Starfield's big. Real big. Over 1,000 planets big. However that illusion of bigness really vanishes when the game reuses particular prefabs. You can only go through the exact same space base so many times before you start feeling like you're on the Truman Show.
As PC Gamer's Fraser Brown pointed out a while back: «there's just not much to see in Starfield outside of its busy, quest-filled hubs. Fast travel makes it feel small, but even when you do get to walk around for hours it's rare that you'll find something you haven't seen countless other times. Another dead moon. Another nickel deposit. Another pirate base.»
While I enjoyed my jaunts around Starfield in a MMO-style checklist fugue state, I have to admit—that's not exactly the 'wonders of space' feeling Bethesda tries to sell you. Interestingly enough, Ex-Bethesda dev and Skyrim's lead designer Bruce Nesmith (who was present for the start of Starfield's development but left Bethesda soon after) suggests a more condensed galaxy was on the table, if only for a moment.

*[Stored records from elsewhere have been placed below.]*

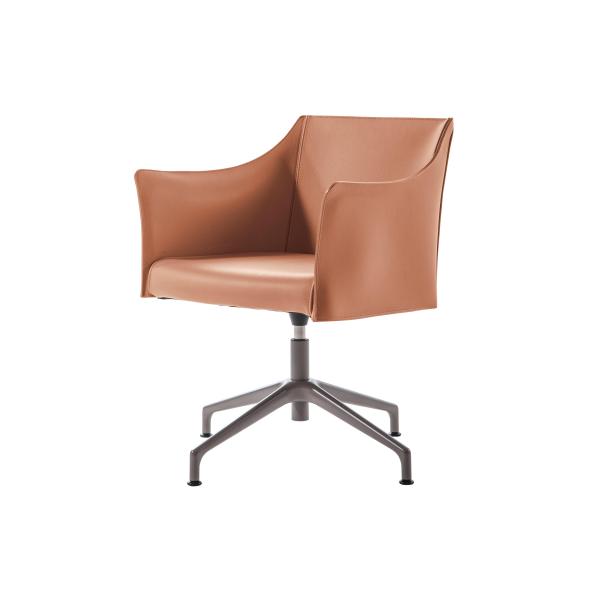 Office O CAP Fiberglass Arm Chair With Pigmented Leather Body
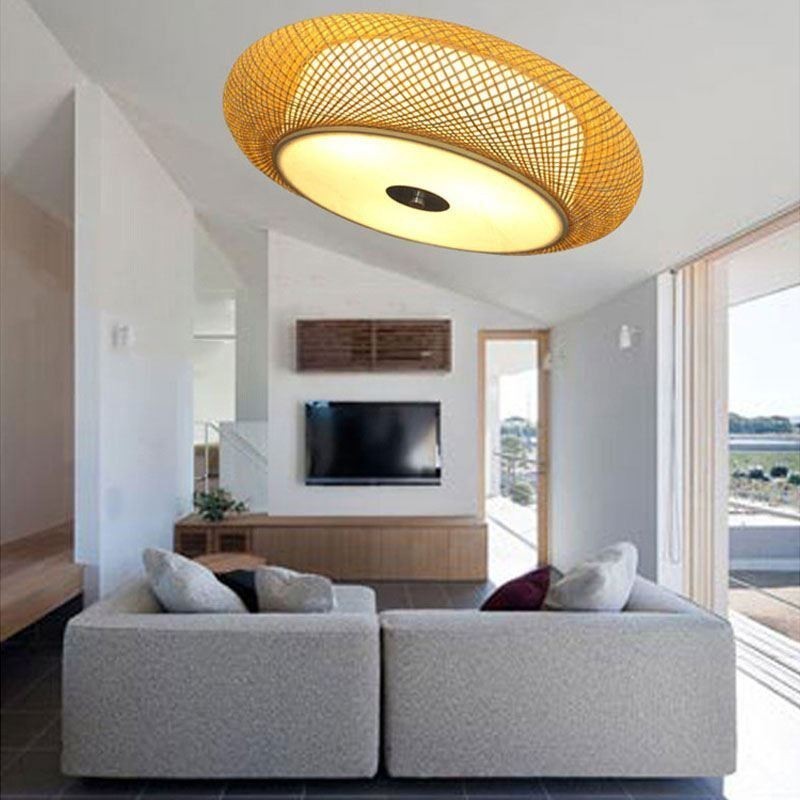 Plafonnier moderne en bambou tissé chinois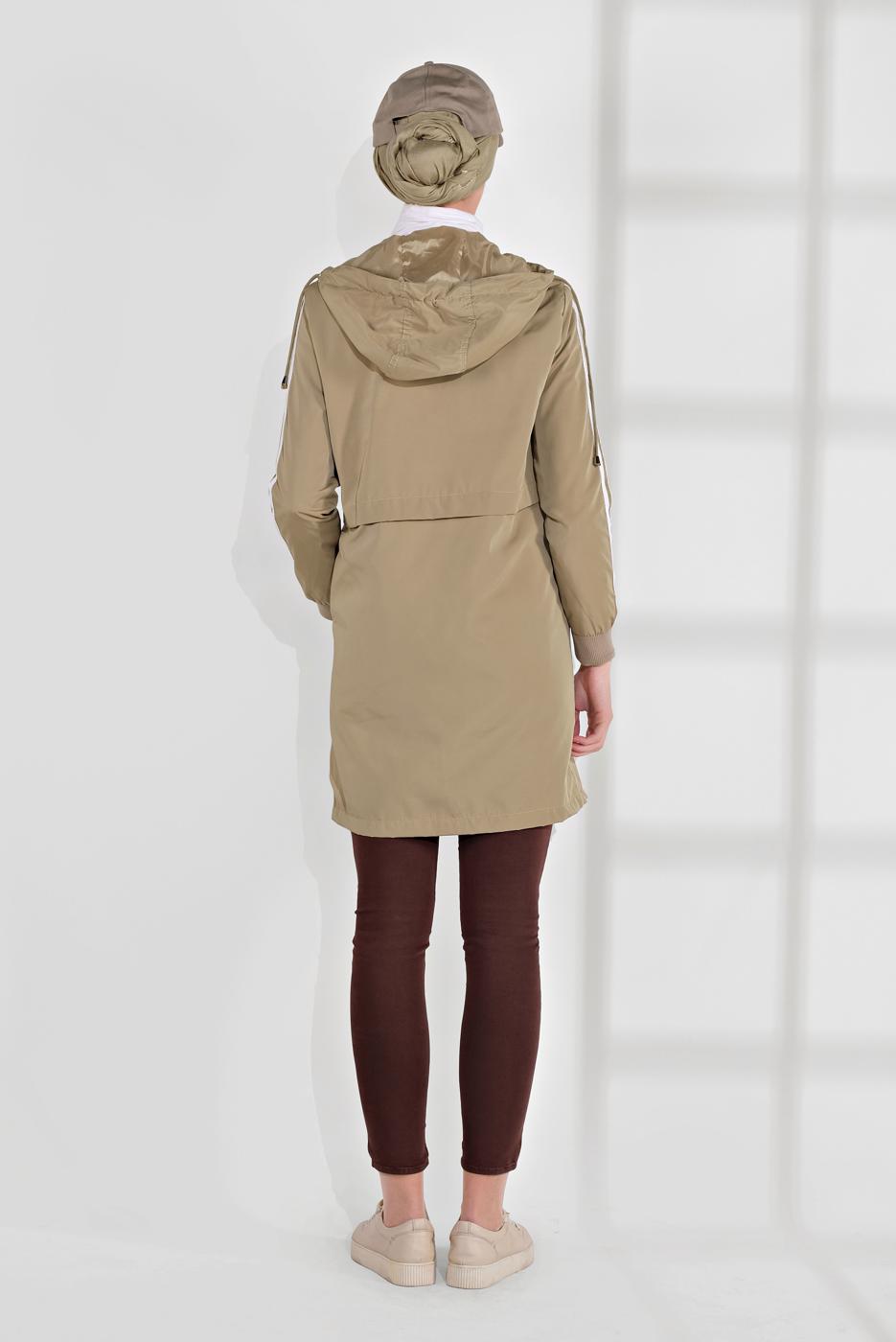 Hijab clothing BROWN HOODED TRENCH-COAT 3608 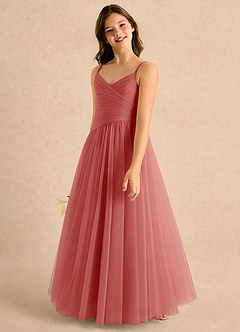 Azazie Poppy Girls Formal Flower Girl Dresses Antique Rose A-Line Pleated Tulle Dress image6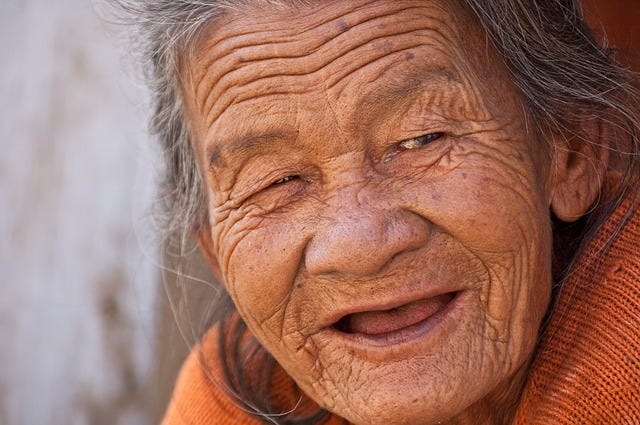 close up of old lady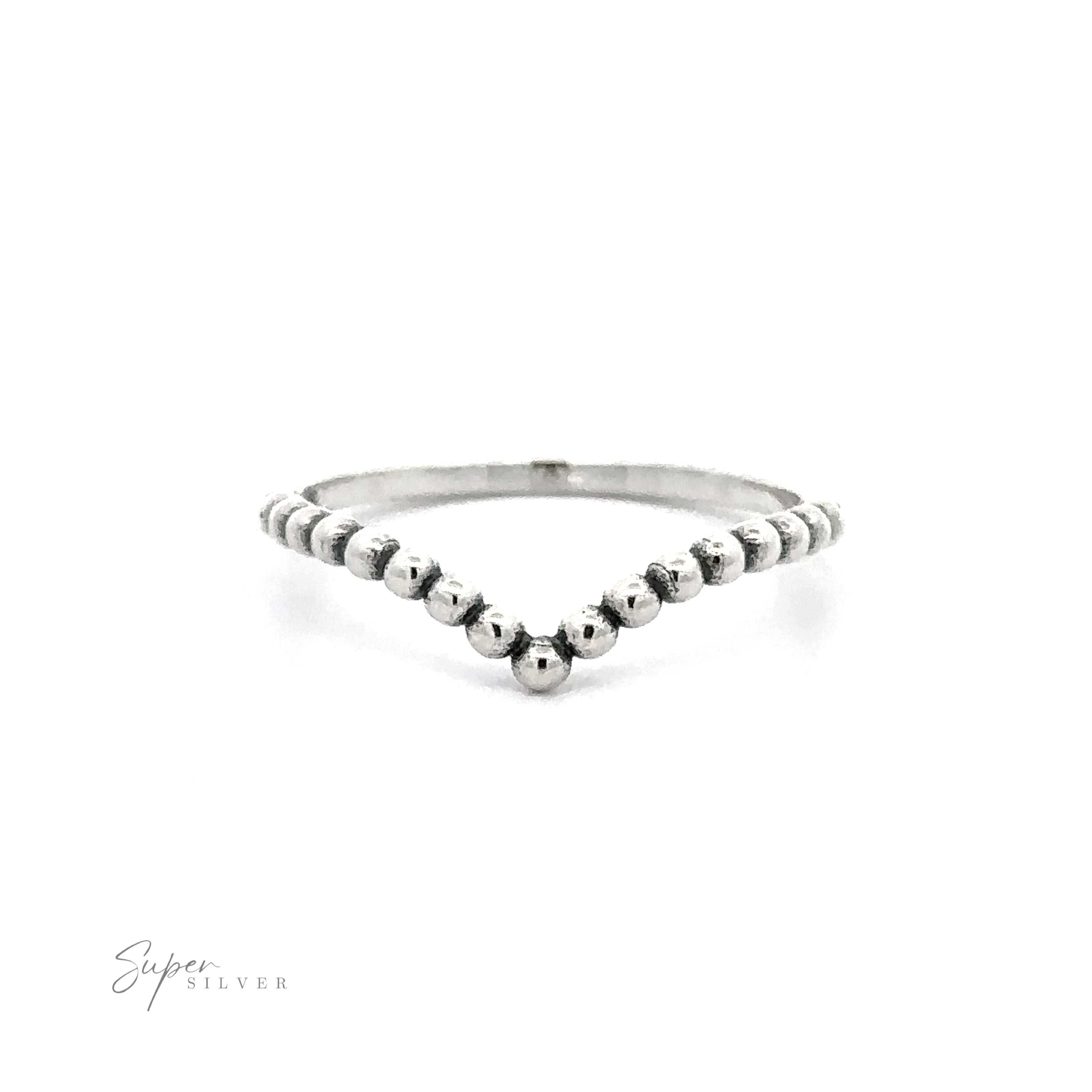 A sterling silver beaded chevron ring.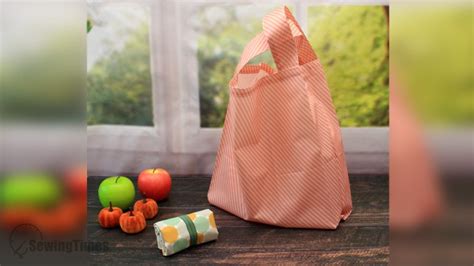 DIY REUSABLE GROCERY BAG - diy pouch and bag with sewingtimes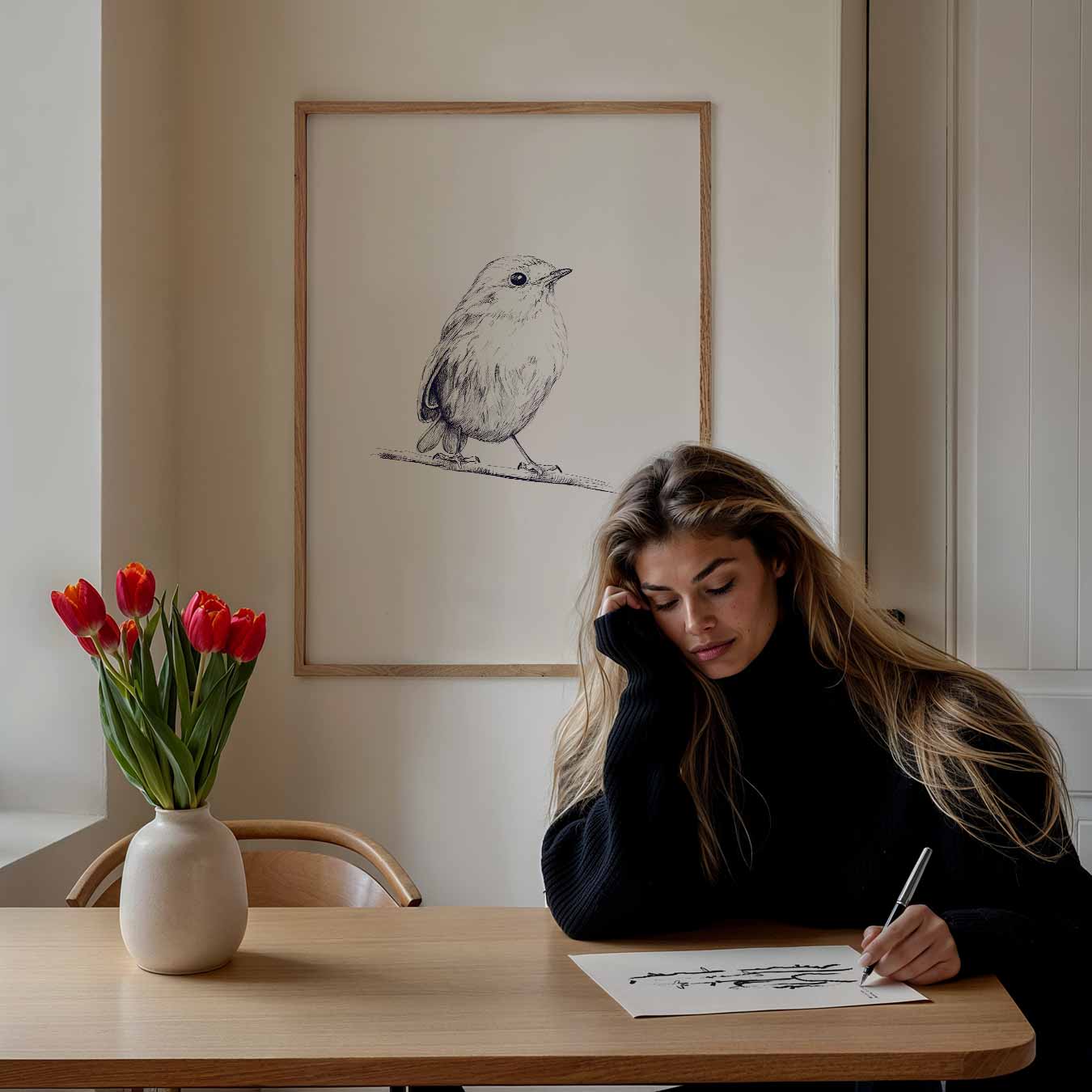 Schattige Vogel Illustratie Poster-WallArtistic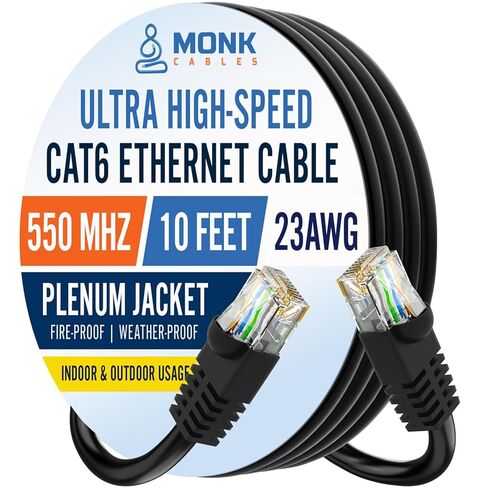 كابلات مونك | كابل إيثرنت CAT6 | الجلسة المكتملة | يو تي بي، 23AWG، 550 ميجا هرتز | معتمد من DSX-8000 | الكابل الأكثر اعتماداً في السوق بأكمله (200 قدم) in Kuwait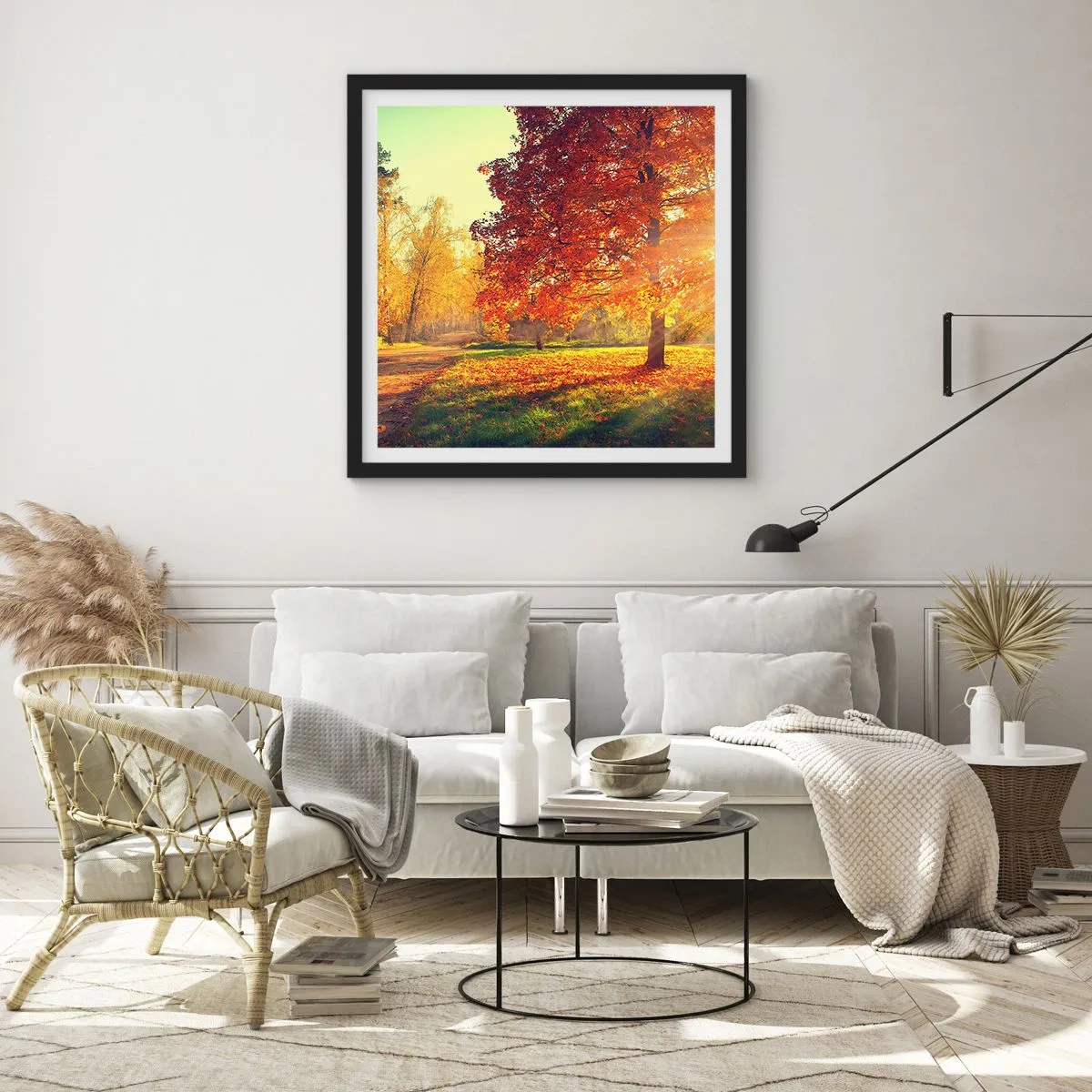 Affisch i svart ram - Rött är vackert - 60x60 cm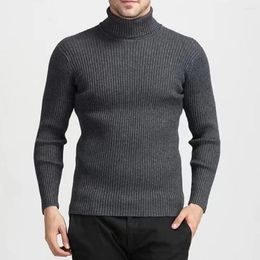 Men's Sweaters Men Knitting Jumper Turtleneck Knit Sweater Warm Autumn Winter Solid Colour Pullover With Slim Fit Ribbed For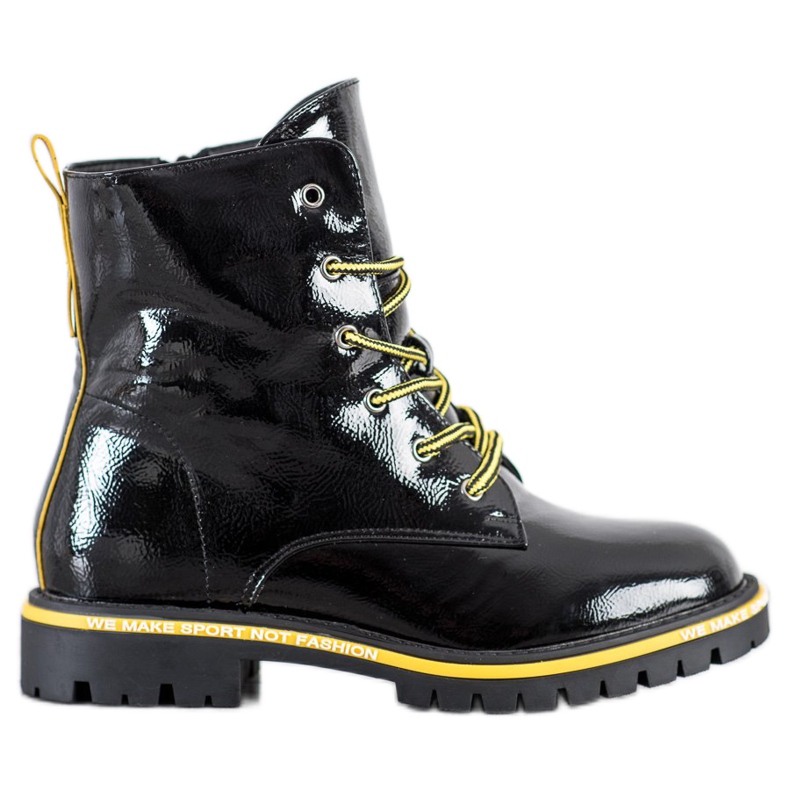 Goodin Trappers envernizados preto amarelo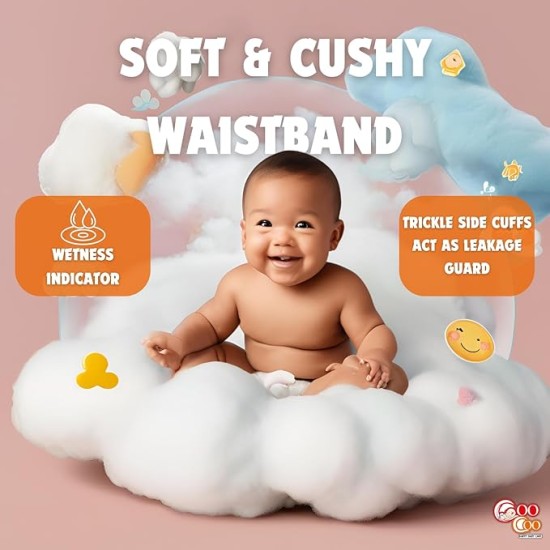 Coo Coo Extra Dry Baby Pullup Diaper Pant Size Large-L (44) Count Upto 9-14 Kg Super Absorbent Core Up to 12 Hrs Protection Soft Elastic Waist & Leakage Protection Size Large-L (44 Pieces), White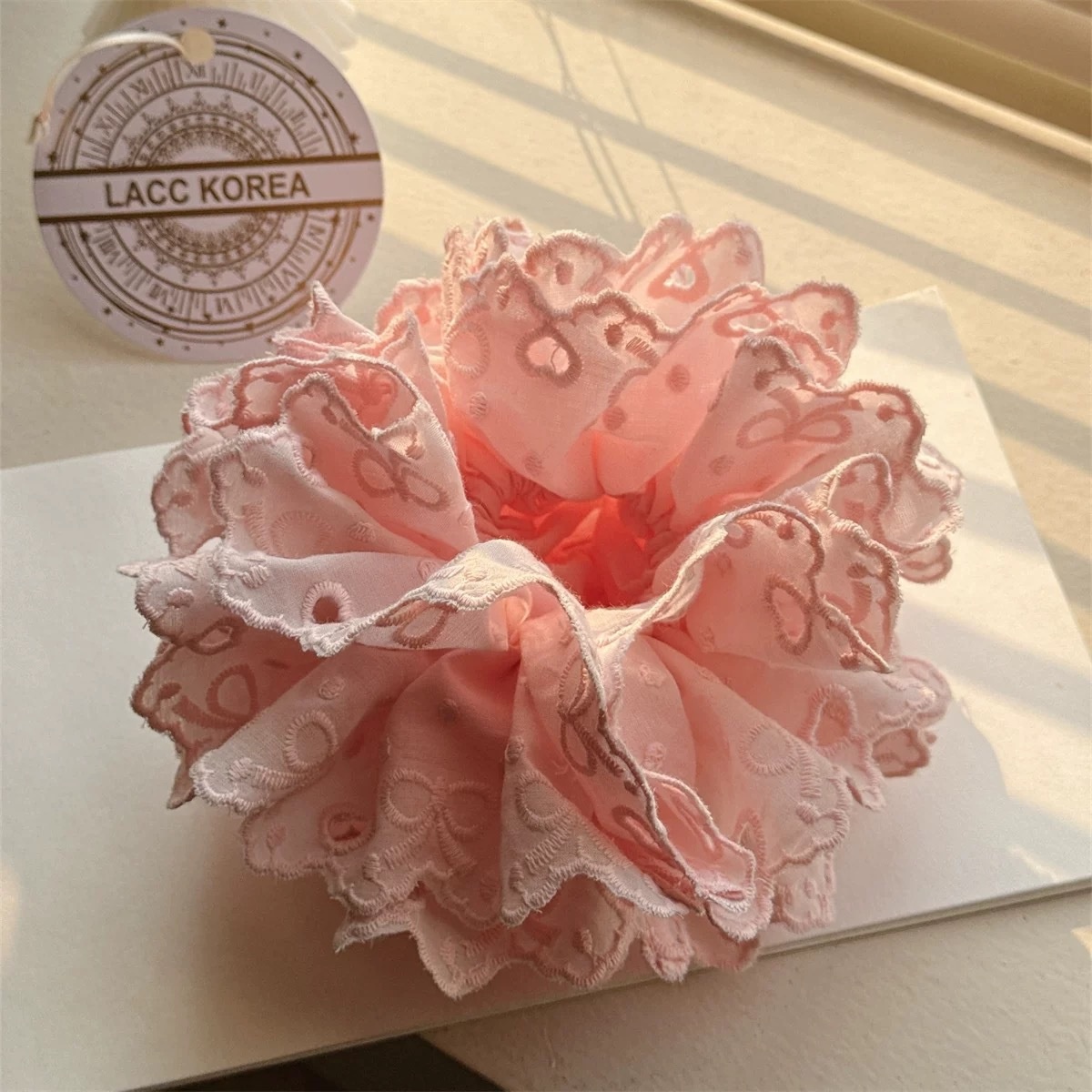 Women's Ballet Cloth Scrunchie Gentle Half Tie Hair Rope Lace Large Bow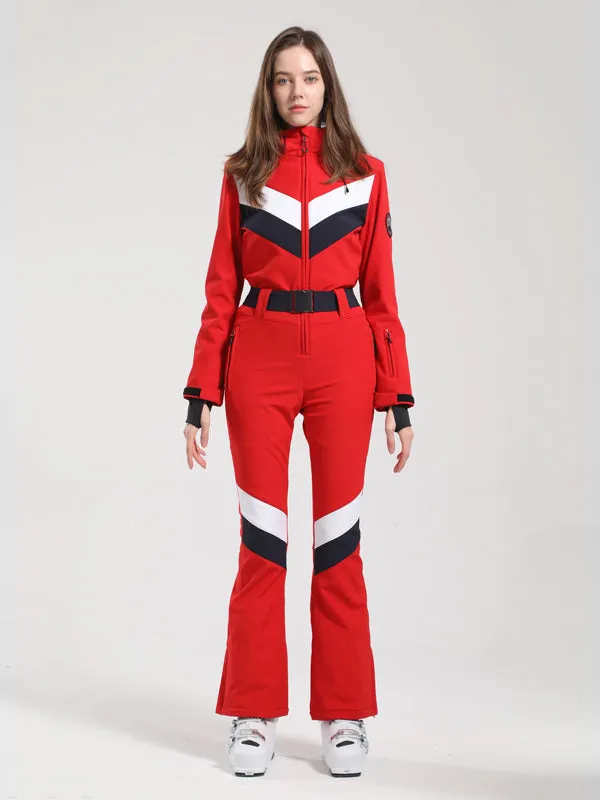 Women's Gsou Snow Retro Belted V Striped Flare Ski Suit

«There was a lot of discussion about the scope of the game … at one point, I said 'I bet this game would be a lot better if we restricted ourselves to about two dozen solar systems',» Nesmith says during an interview with MinnMax.
However, the team saw an opportunity to leverage procedural generation to cut down on the workload of going even bigger. «Once you've done one solar system, doing a hundred is not really adding to your work all that much,» he goes on to list the types of planets players might want to explore, then remarks: «Just doing our own solar system, all the variety that you have to do just to have that, you've done 90% of the work for the rest of it.»